Особенно умиляют рассуждения тех «системных аналитиков», которые выдают себя за переживающих если не за Путина, то уж точно за интересы России – например, Павловский пишет:
«Мы ввязались в нечто худшее, чем Сирия, даже чем Ближний Восток. Не оценив себя, Россия вошла в игру на нескольких столах... У России мало шансов выпутаться из сирийской глобальной переделки – высокая цена за опровержение тезиса о «региональной державе». Играя в несколько разных игр сразу, в каждую с несколькими равными или более сильными противниками, нельзя думать, будто играешь c одним в одну игру».

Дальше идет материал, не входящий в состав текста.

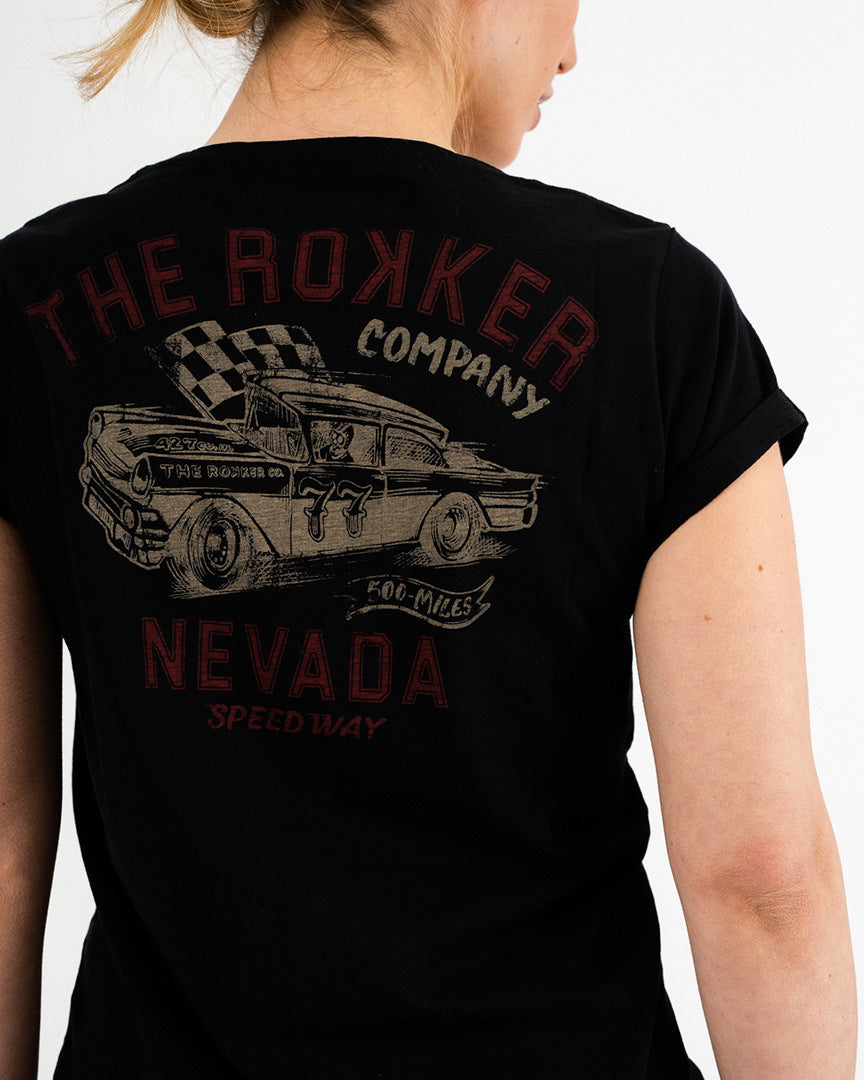 Rokker Nevada Lady T-Shirt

Удивительное прозрение (человека, все нулевые годы считавшего, что это он придумал «путинизм») – мы играем в сложные игры на нескольких столах. И Путин может этого не понимать?
Путин, бросивший осознанный вызов глобализаторам – причем не сразу, а только четыре года назад, когда навел хотя бы относительный порядок в стране, укрепил ее, набрался внешнеполитического опыта и изучил повадки «партнеров». Путин, выстраивающий сложнейшие геополитические комбинации и имеющий выдержку и волю их воплощать. Человек, понимающий, что победой для России может быть только создание нового мирового порядка – что подразумевает не только чувствование духа времени, но и учет сил и слабостей самых разных игроков и координацию усилий или нейтрализацию тех или иных центров силы современного мира.
Сирийская партия, как и украинская, как и партия «мировых финансов», как и китайская, и европейская, и трубопроводная, и исламская, и военная, и евразийская, и поле битвы смыслов и ценностей – во все это Россия играет одновременно. Потому что для нее это не игры, а форма одной и той же борьбы – борьбы за русский мир.